米国政府は2026年5月3日、AI技術の安全性・説明責任・公平性を確保するための包括的な規制フレームワーク策定に着手することを公式に表明しました。AIガバナンスに関する国家的な方針が明示されたことは業界にとって一つの節目ですが、同時期に浮上した国防総省(DoD)によるAnthropicの特定AI安全契約からの排除という事実が、政府内部の「安全規制」に対する姿勢の矛盾を露わにしています。

規制を求める企業を排除する逆説

Anthropicは設立当初から「AI安全性を最優先する」という経営理念を掲げており、政府機関との安全性向上に関わる契約においても積極的な役割を担おうとしていました。しかし国防総省の判断は、Anthropicを特定の契約対象から外すというものでした。公式な説明は限定的ですが、この動きはAI安全ガードレールの強化を求める企業が、安全規制の推進を謳う政府機関自身から敬遠されるという逆説的な状況を生み出しています。
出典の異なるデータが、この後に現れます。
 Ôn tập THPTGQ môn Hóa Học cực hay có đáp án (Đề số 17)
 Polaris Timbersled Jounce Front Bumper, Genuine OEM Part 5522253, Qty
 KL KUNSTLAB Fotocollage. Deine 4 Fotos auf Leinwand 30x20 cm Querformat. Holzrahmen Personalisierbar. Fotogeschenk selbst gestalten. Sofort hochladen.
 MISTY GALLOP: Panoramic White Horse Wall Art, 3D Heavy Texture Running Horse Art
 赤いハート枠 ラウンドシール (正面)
X(旧Twitter)では「安全規制を求めるAnthropicを政府が排除しておきながら包括的AI規制を謳うのは矛盾だ」という批判と、「規制の方向性は歓迎だが実行力に疑問」という声が入り混じり、政府の本気度への懐疑論が広まりました。Redditのr/artificialでは「トランプ政権下のAI規制はイノベーション規制ではなく政治的武器として使われるリスクがある。EUのAI Actとの国際的な協調が重要になる」という国際政策論も展開されています。
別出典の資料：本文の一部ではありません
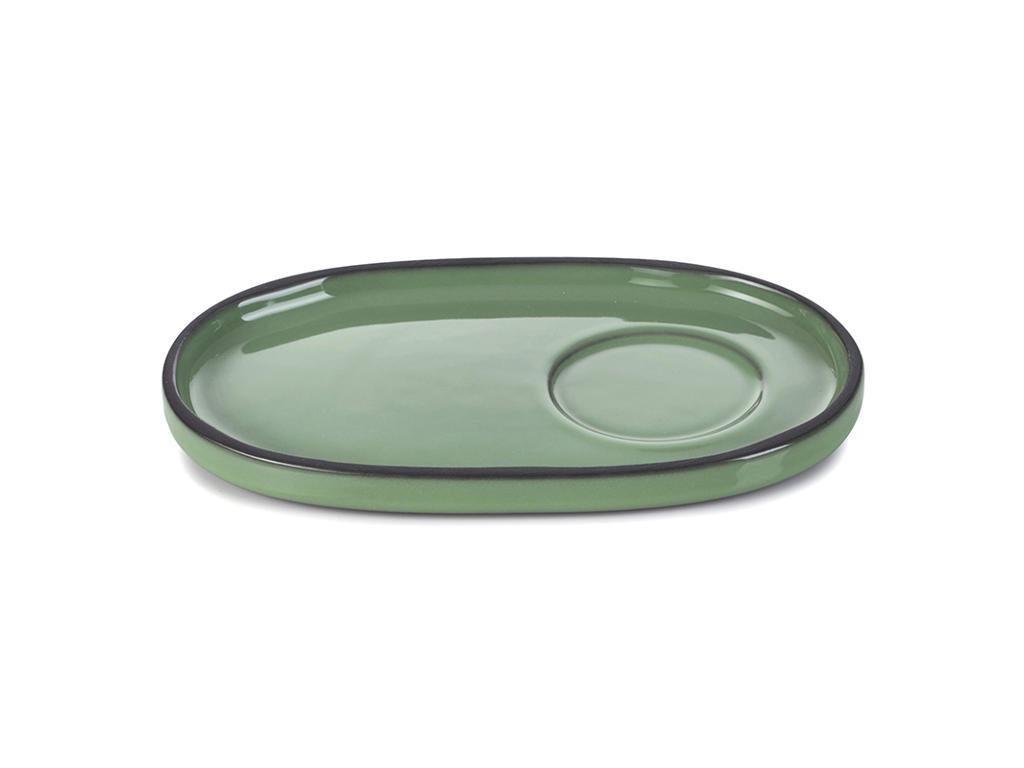 Plato Oval 13,5x8 cm Verde Caractere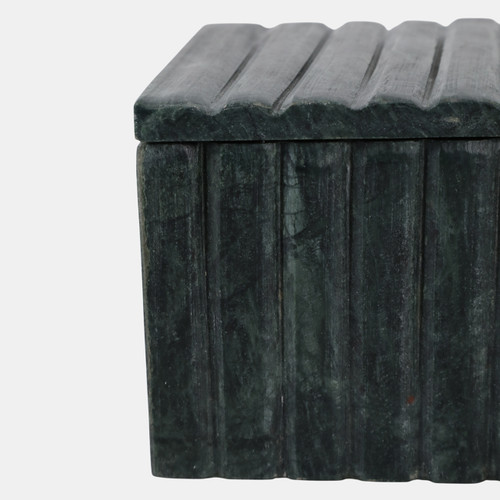17475-02#7x4" Marble Ridged Box, Green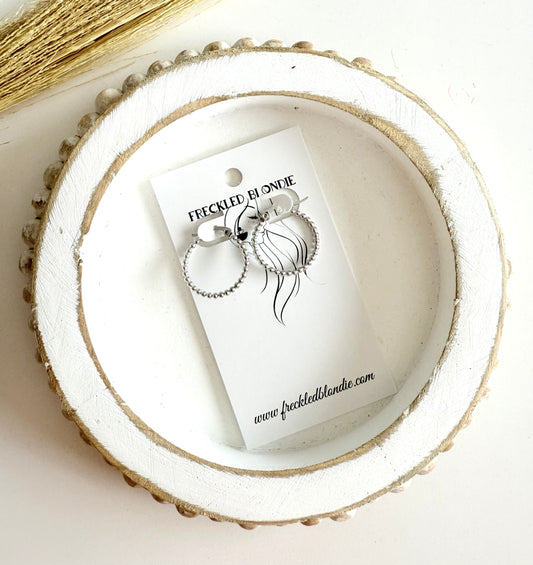 Silver Bead Hoops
Hacker Newsでは「米国の連邦レベルのAI規制の空白が続く中、州レベル(カリフォルニア州等)の規制が事実上の産業標準になりつつある。連邦規制の遅延は逆効果になりかねない」というコメントが人気を集め、政策の空白が民間・州の先行につながる現実が指摘されました。

EUとの協調・州規制との整合性が課題

欧州連合はAI Act(AI法)によって世界で最も包括的なAI規制を整備しており、米国の民間企業にとってもEU市場での事業展開に影響する重要なルールセットとなっています。米国が独自の連邦規制フレームワークを策定する際には、EUのAI Actとの整合性を確保するかどうかが国際競争力の観点から大きな論点になります。一方国内では、カリフォルニア州を中心に州レベルのAI規制立法が先行しており、連邦規制が後追いになる「逆転現象」が生じています。2026年末までに具体的な規制案として形を成すかどうか、今後の議会審議と業界ロビー活動の動向が注目されます。